> _Your assignment_
Each record must be printed exactly as given.

> _Record extracts_
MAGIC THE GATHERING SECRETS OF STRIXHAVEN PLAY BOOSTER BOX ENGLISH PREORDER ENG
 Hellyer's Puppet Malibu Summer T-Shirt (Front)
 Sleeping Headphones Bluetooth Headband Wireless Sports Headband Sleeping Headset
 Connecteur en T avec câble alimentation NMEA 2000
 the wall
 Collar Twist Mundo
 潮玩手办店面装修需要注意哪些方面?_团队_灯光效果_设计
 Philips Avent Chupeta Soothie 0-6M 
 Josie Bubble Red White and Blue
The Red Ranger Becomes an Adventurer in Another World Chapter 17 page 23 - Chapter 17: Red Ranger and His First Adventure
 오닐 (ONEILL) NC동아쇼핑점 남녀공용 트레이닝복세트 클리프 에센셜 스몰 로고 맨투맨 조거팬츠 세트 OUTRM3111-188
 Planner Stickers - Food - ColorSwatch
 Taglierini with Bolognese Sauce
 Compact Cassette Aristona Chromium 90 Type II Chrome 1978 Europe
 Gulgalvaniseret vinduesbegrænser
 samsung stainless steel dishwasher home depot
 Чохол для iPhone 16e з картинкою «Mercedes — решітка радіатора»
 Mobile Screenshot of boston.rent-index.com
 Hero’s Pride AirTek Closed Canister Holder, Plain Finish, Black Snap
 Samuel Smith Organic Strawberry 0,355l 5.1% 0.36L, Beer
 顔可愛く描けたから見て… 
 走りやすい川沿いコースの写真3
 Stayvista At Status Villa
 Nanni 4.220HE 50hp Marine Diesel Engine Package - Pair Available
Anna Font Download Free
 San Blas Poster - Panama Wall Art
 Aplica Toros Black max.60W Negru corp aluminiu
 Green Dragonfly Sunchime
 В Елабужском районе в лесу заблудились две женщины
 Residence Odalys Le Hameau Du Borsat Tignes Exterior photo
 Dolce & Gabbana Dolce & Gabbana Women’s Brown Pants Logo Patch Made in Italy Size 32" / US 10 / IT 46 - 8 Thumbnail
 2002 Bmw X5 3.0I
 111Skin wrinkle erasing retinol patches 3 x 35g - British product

> _Result of the exercise_
MAGIC THE GATHERING SECRETS OF STRIXHAVEN PLAY BOOSTER BOX ENGLISH PREORDER ENG
 Hellyer's Puppet Malibu Summer T-Shirt (Front)
 Sleeping Headphones Bluetooth Headband Wireless Sports Headband Sleeping Headset
 Connecteur en T avec câble alimentation NMEA 2000
 the wall
 Collar Twist Mundo
 潮玩手办店面装修需要注意哪些方面?_团队_灯光效果_设计
 Philips Avent Chupeta Soothie 0-6M 
 Josie Bubble Red White and Blue
The Red Ranger Becomes an Adventurer in Another World Chapter 17 page 23 - Chapter 17: Red Ranger and His First Adventure
 오닐 (ONEILL) NC동아쇼핑점 남녀공용 트레이닝복세트 클리프 에센셜 스몰 로고 맨투맨 조거팬츠 세트 OUTRM3111-188
 Planner Stickers - Food - ColorSwatch
 Taglierini with Bolognese Sauce
 Compact Cassette Aristona Chromium 90 Type II Chrome 1978 Europe
 Gulgalvaniseret vinduesbegrænser
 samsung stainless steel dishwasher home depot
 Чохол для iPhone 16e з картинкою «Mercedes — решітка радіатора»
 Mobile Screenshot of boston.rent-index.com
 Hero’s Pride AirTek Closed Canister Holder, Plain Finish, Black Snap
 Samuel Smith Organic Strawberry 0,355l 5.1% 0.36L, Beer
 顔可愛く描けたから見て… 
 走りやすい川沿いコースの写真3
 Stayvista At Status Villa
 Nanni 4.220HE 50hp Marine Diesel Engine Package - Pair Available
Anna Font Download Free
 San Blas Poster - Panama Wall Art
 Aplica Toros Black max.60W Negru corp aluminiu
 Green Dragonfly Sunchime
 В Елабужском районе в лесу заблудились две женщины
 Residence Odalys Le Hameau Du Borsat Tignes Exterior photo
 Dolce & Gabbana Dolce & Gabbana Women’s Brown Pants Logo Patch Made in Italy Size 32" / US 10 / IT 46 - 8 Thumbnail
 2002 Bmw X5 3.0I
 111Skin wrinkle erasing retinol patches 3 x 35g - British product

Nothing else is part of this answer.